▶ _Source material_:
Content starts

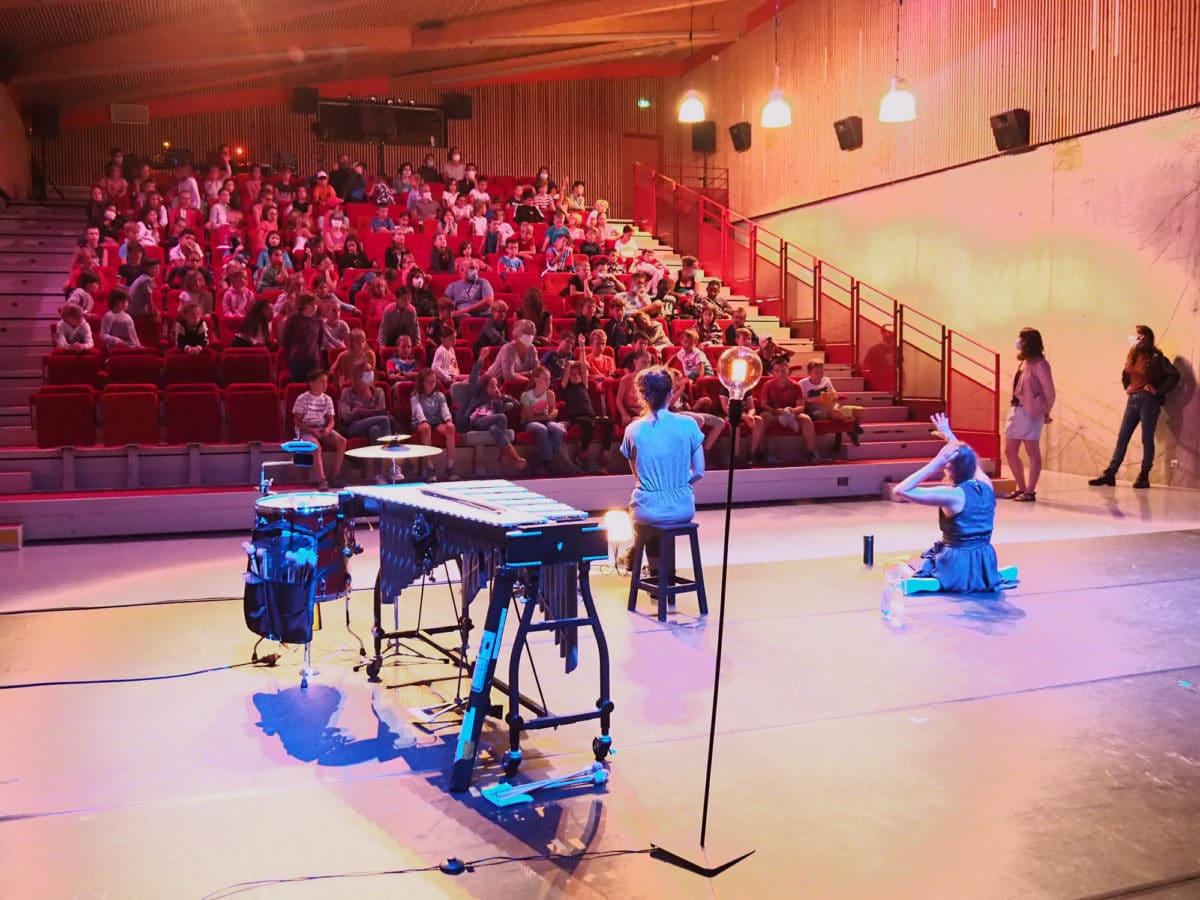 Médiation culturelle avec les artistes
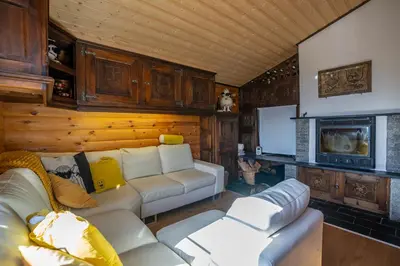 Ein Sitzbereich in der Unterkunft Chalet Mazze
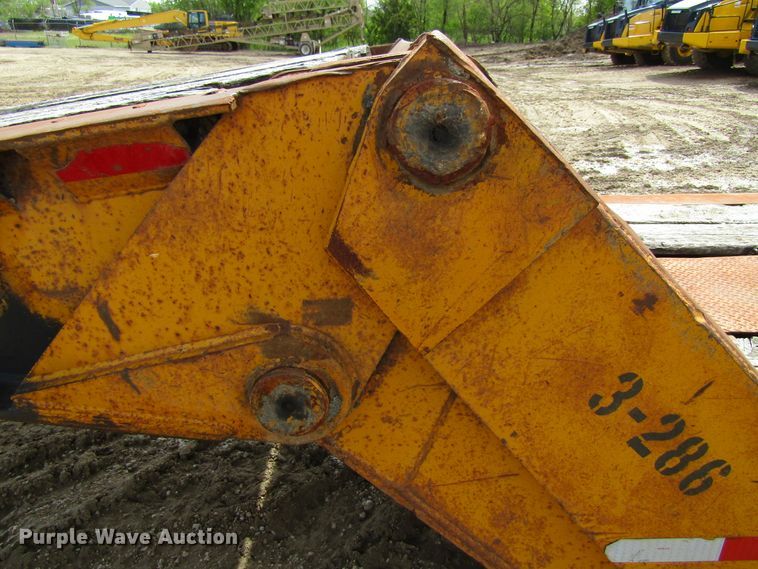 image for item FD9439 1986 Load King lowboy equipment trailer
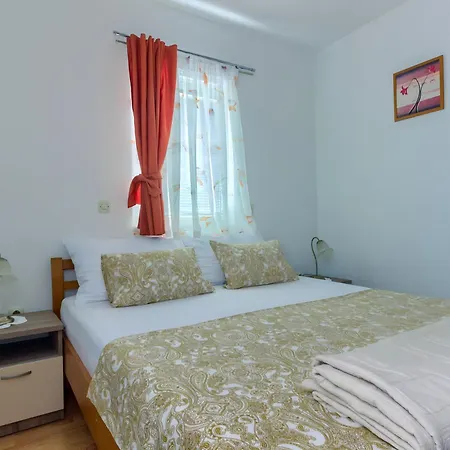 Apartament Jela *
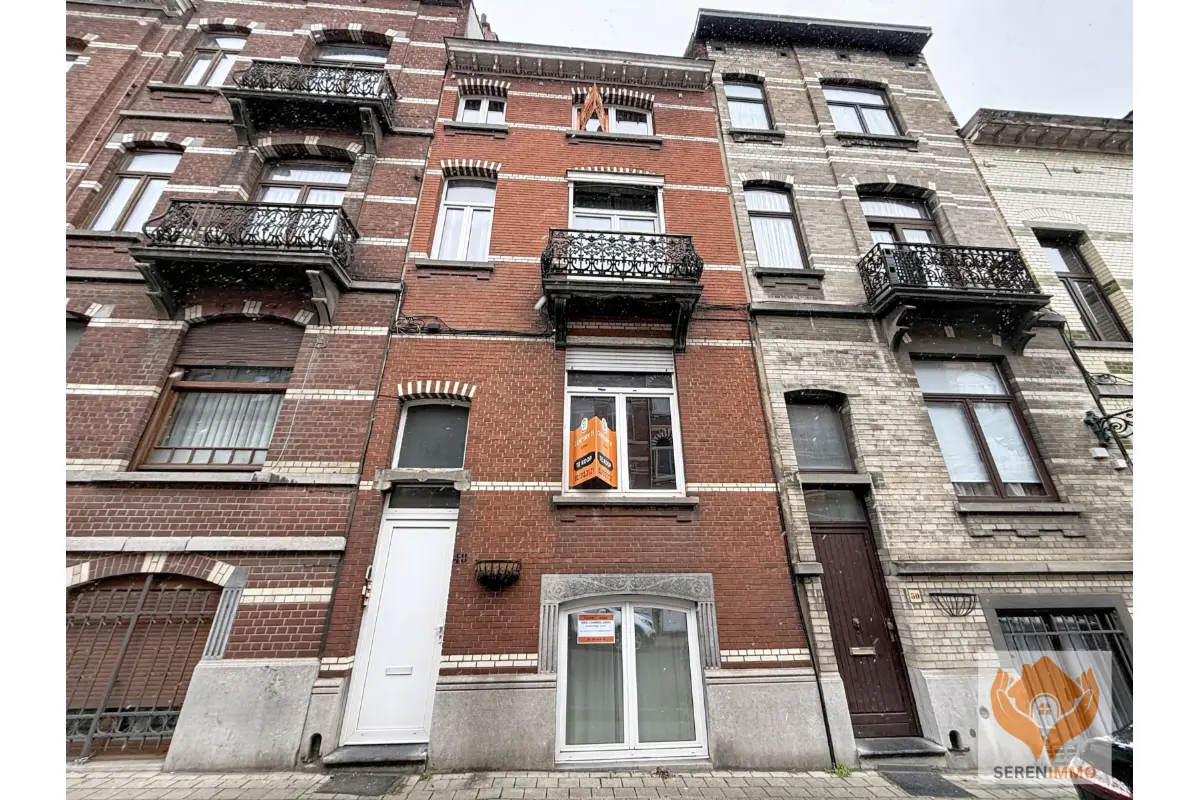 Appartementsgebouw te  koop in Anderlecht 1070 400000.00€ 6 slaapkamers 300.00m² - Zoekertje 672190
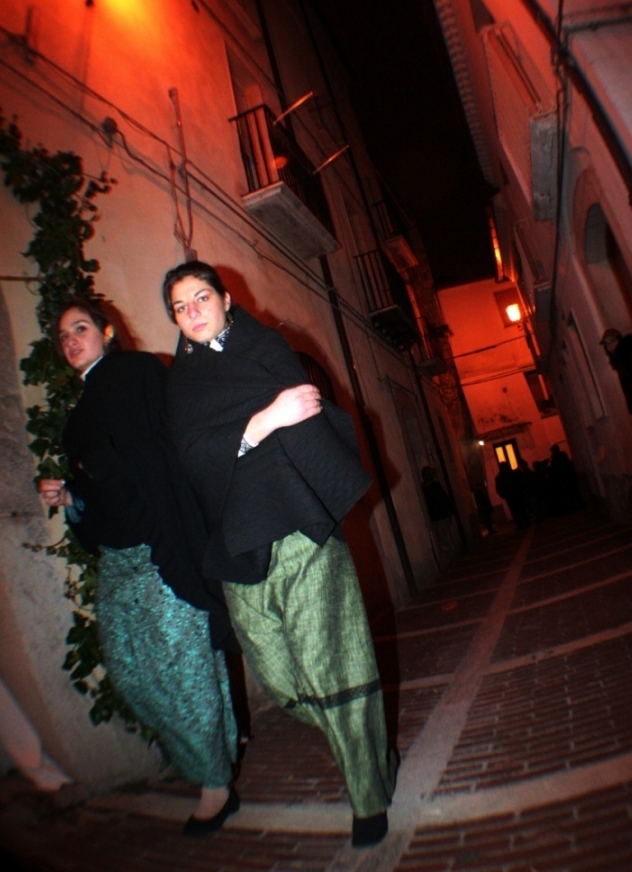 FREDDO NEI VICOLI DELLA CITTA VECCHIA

Content ends

▶ _To do_:
This task calls for restating, word for word, each line from the line holding "Ein Sitzbereich in" through the end of the material, pictures left out.

▶ _Written response_:
 Ein Sitzbereich in der Unterkunft Chalet Mazze
 image for item FD9439 1986 Load King lowboy equipment trailer
 Apartament Jela *
 Appartementsgebouw te  koop in Anderlecht 1070 400000.00€ 6 slaapkamers 300.00m² - Zoekertje 672190
 FREDDO NEI VICOLI DELLA CITTA VECCHIA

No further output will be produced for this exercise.